Keep the pictures out and restate every record exactly.

## RECORDS TO USE:
◇ ◇ ◇

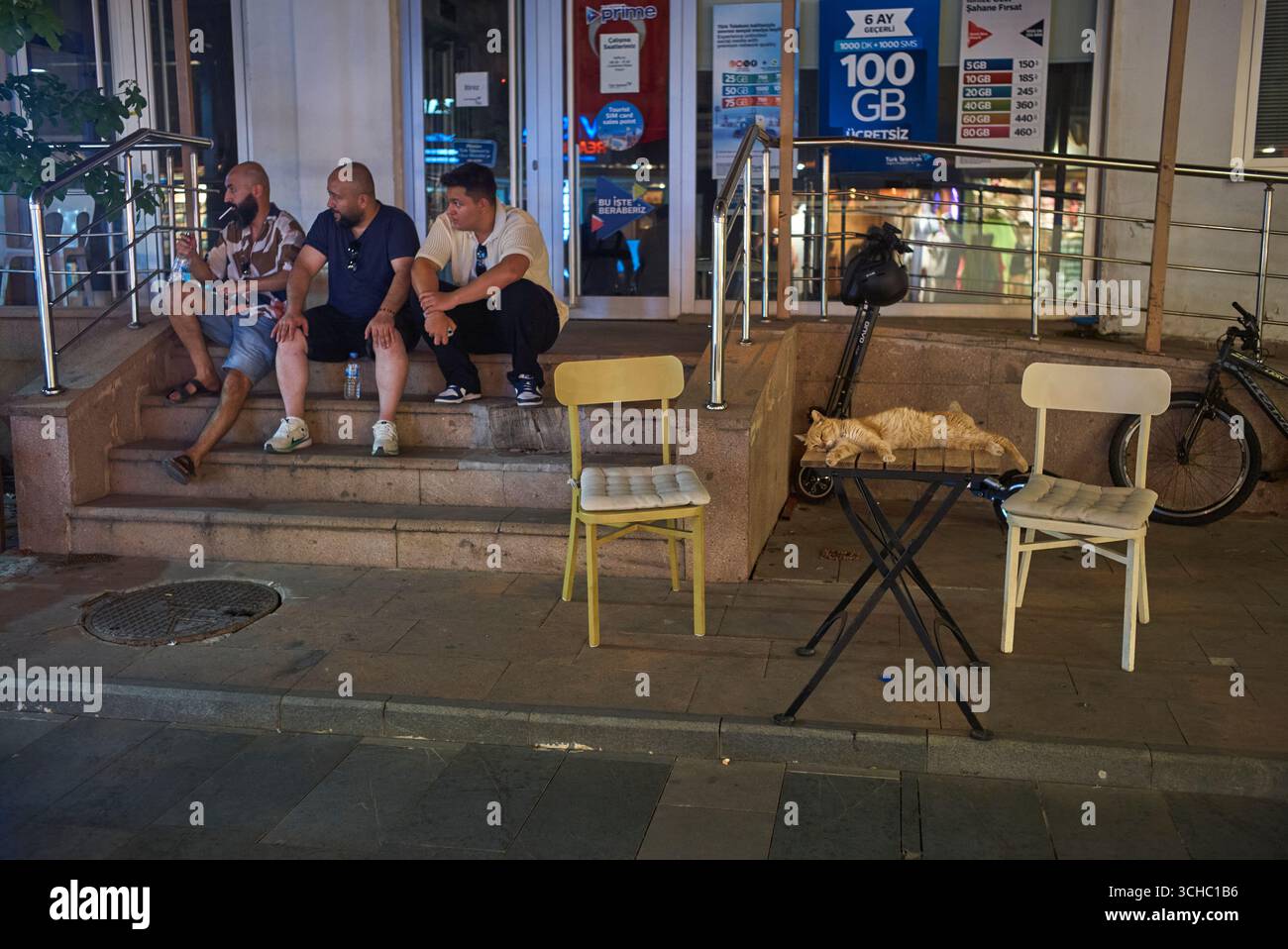 Photographie de John Angerson Fethiye, célèbre dans le monde entier, Ölüdeniz la place de la ville et les rues avoisinantes montrent le mélange de la vie moderne et de l’histoire sur la Méditerranée turque Banque D'Images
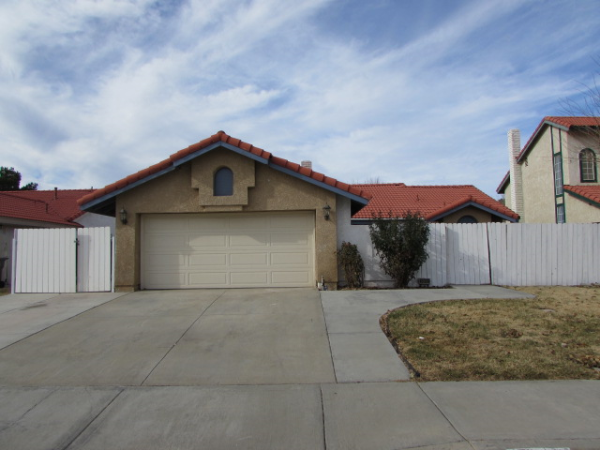 45323 Essex Lane, Lancaster, CA 93534 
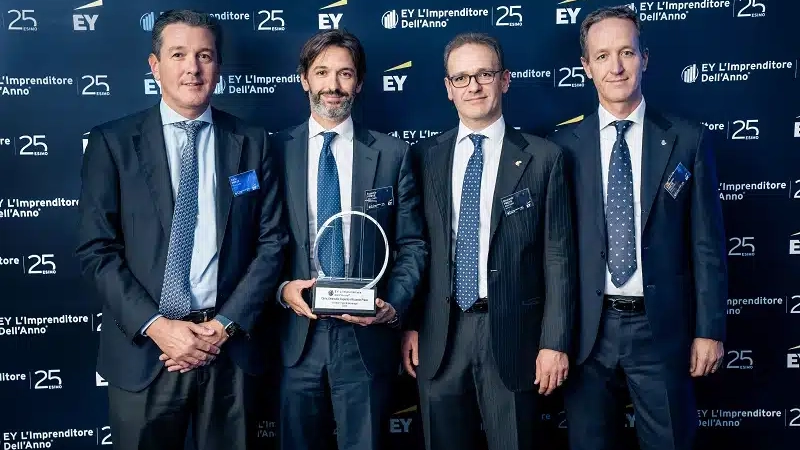 Carlo, Emanuele, Eugenio e Riccardo Preve con il premio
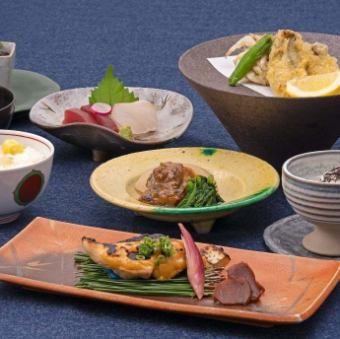 【相生会席】 ”季節の会席”に揚物を付けたコース 11,500円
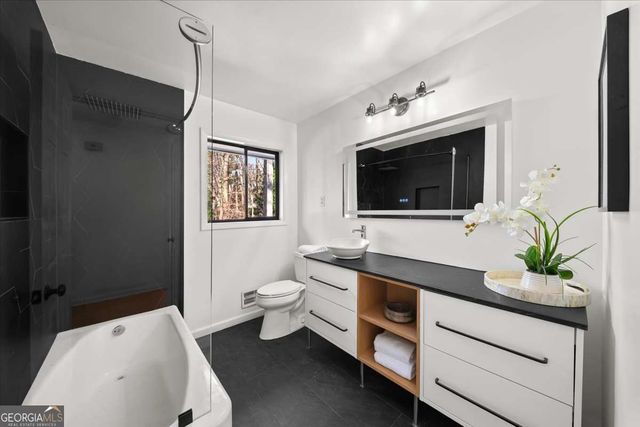 2636 Whiteleigh Court NE, Atlanta, GA 30345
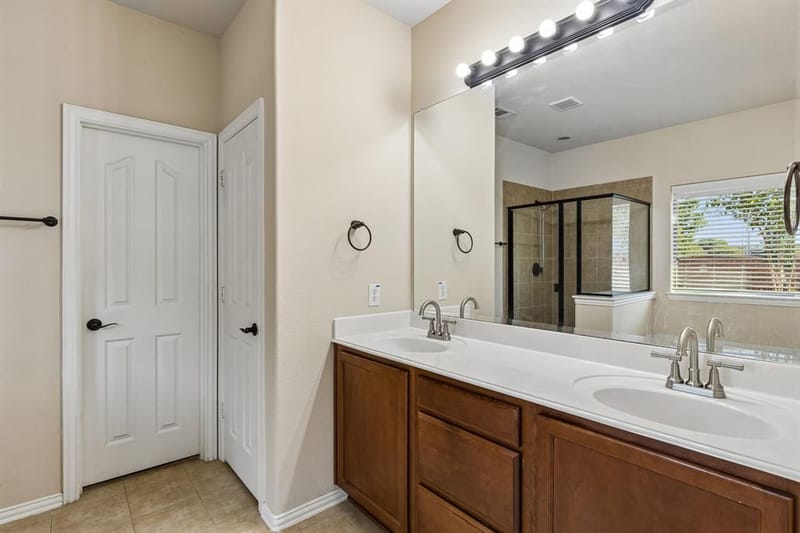 2505 Cain River Drive, Little Elm TX 75068 - Photo 13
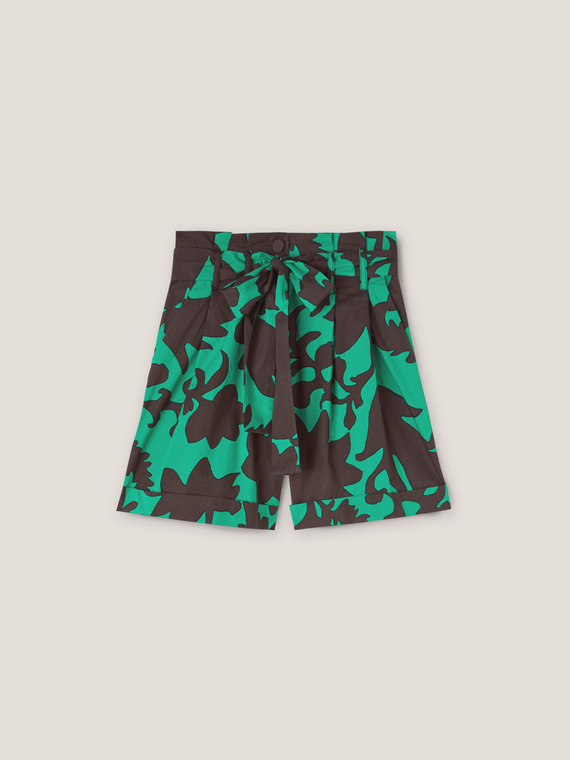 Shorts with floral patterned belt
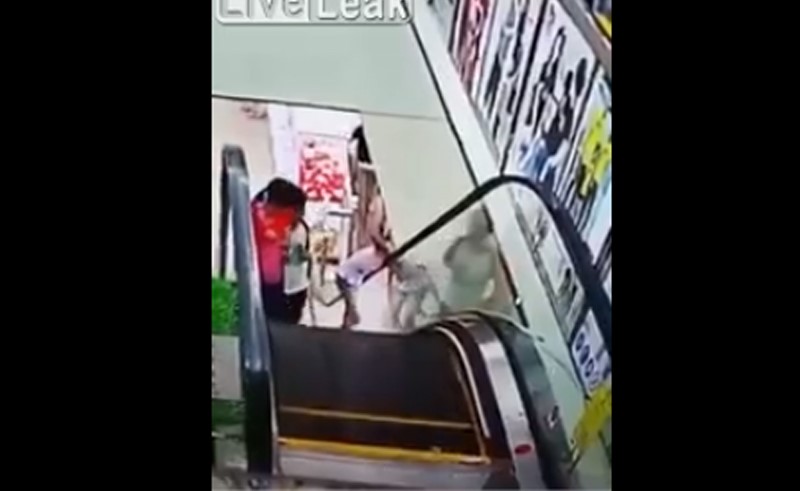 بالفيديو.. امرأة ورجل يرفضان مساعدة طفلة علقت في سلم كهربائي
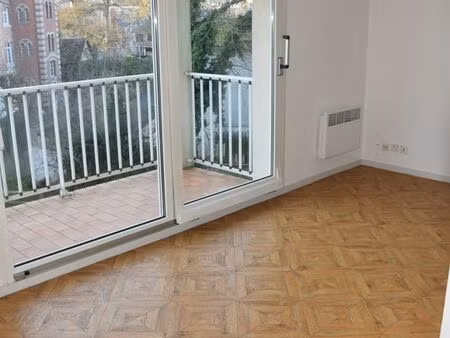 tres rare  appartement 2 pièces f1bis 31 m²  résidence sécurisée  balcon  cave  parking  c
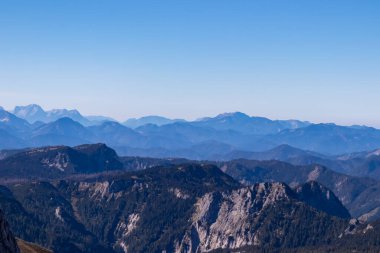 Avusturya 'nın Yukarı Styria bölgesindeki Hochschwab Bölgesi' nin dağ zirvelerinde panoramik manzara. Avrupa 'nın güzel Alpleri' nde keskin zirveler. Tırmanan turizm, vahşi doğa. Özgürlük kavramı. Yükseklerde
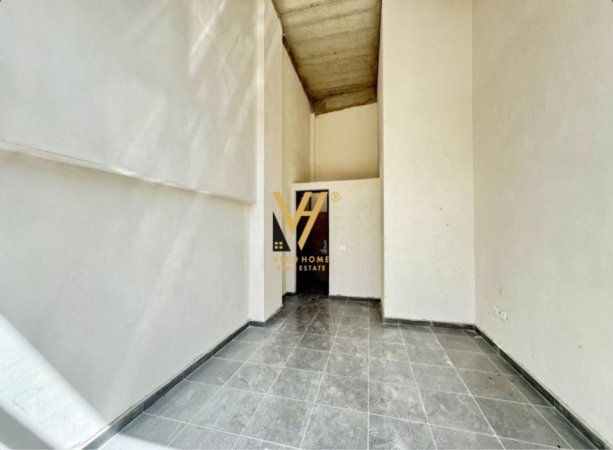 Tirane, jepet me qera dyqan Kati 0, 23 m² 300 € (RRUGA QEMAL STAFA)
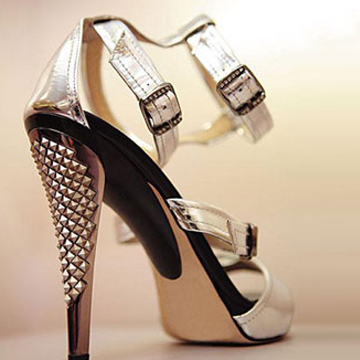 奢侈鞋履品牌周仰杰Jimmy Choo全面披露IPO计划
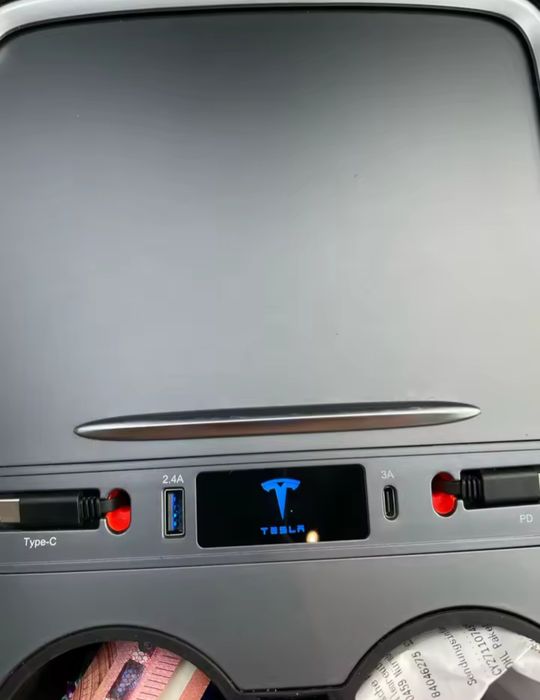 Док-станція usb хаб для Tesla Model 3 Model Y (2021-2023)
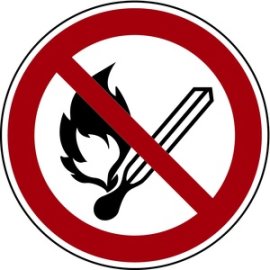 Verbotszeichen Feuer, offenes Licht und Rauchen verboten...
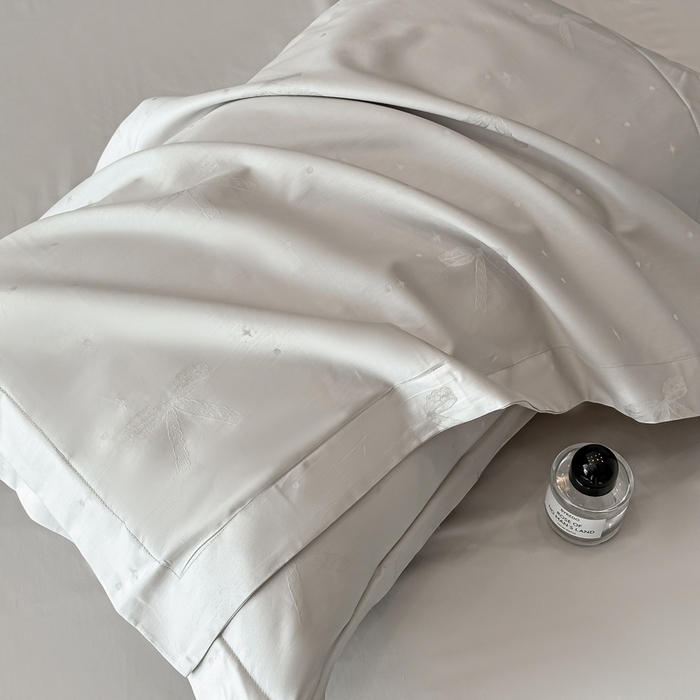 91家纺网 家纺一手货源 找家纺 梵克保罗 2025春夏新品50S长绒棉轻奢提花四件套 婉心-银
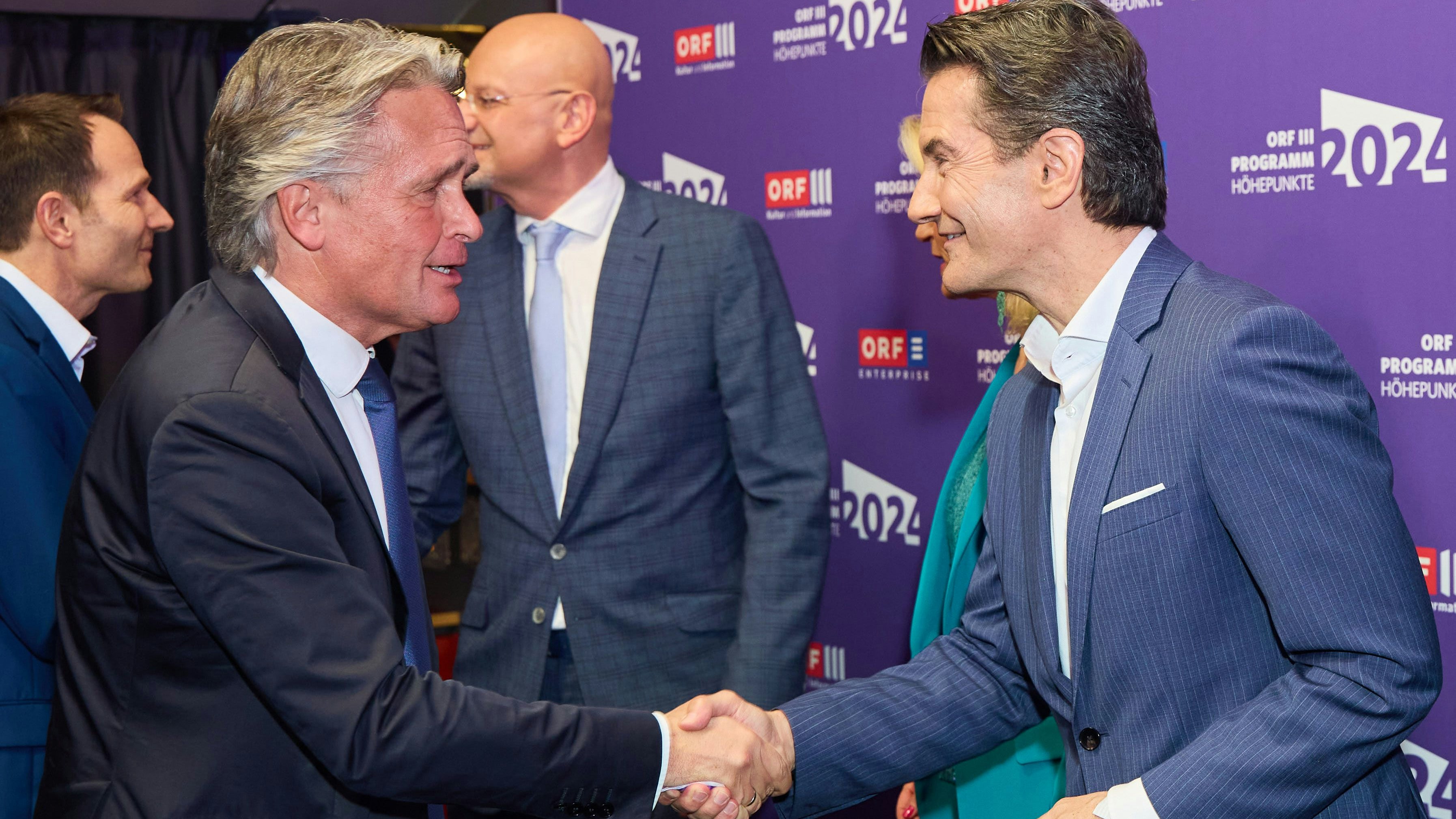 Neo-Stiftungsrat Peter Westenthaler (FPÖ, li.) mit ORF-Generaldirektor Roland Weißmann bei der ORFIII-Programmpräsentation.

◇ ◇ ◇

## EXERCISE SOLUTION:
 Photographie de John Angerson Fethiye, célèbre dans le monde entier, Ölüdeniz la place de la ville et les rues avoisinantes montrent le mélange de la vie moderne et de l’histoire sur la Méditerranée turque Banque D'Images
 45323 Essex Lane, Lancaster, CA 93534 
 Carlo, Emanuele, Eugenio e Riccardo Preve con il premio
 【相生会席】 ”季節の会席”に揚物を付けたコース 11,500円
 2636 Whiteleigh Court NE, Atlanta, GA 30345
 2505 Cain River Drive, Little Elm TX 75068 - Photo 13
 Shorts with floral patterned belt
 بالفيديو.. امرأة ورجل يرفضان مساعدة طفلة علقت في سلم كهربائي
 tres rare  appartement 2 pièces f1bis 31 m²  résidence sécurisée  balcon  cave  parking  c
 Avusturya 'nın Yukarı Styria bölgesindeki Hochschwab Bölgesi' nin dağ zirvelerinde panoramik manzara. Avrupa 'nın güzel Alpleri' nde keskin zirveler. Tırmanan turizm, vahşi doğa. Özgürlük kavramı. Yükseklerde
 Tirane, jepet me qera dyqan Kati 0, 23 m² 300 € (RRUGA QEMAL STAFA)
 奢侈鞋履品牌周仰杰Jimmy Choo全面披露IPO计划
 Док-станція usb хаб для Tesla Model 3 Model Y (2021-2023)
 Verbotszeichen Feuer, offenes Licht und Rauchen verboten...
 91家纺网 家纺一手货源 找家纺 梵克保罗 2025春夏新品50S长绒棉轻奢提花四件套 婉心-银
 Neo-Stiftungsrat Peter Westenthaler (FPÖ, li.) mit ORF-Generaldirektor Roland Weißmann bei der ORFIII-Programmpräsentation.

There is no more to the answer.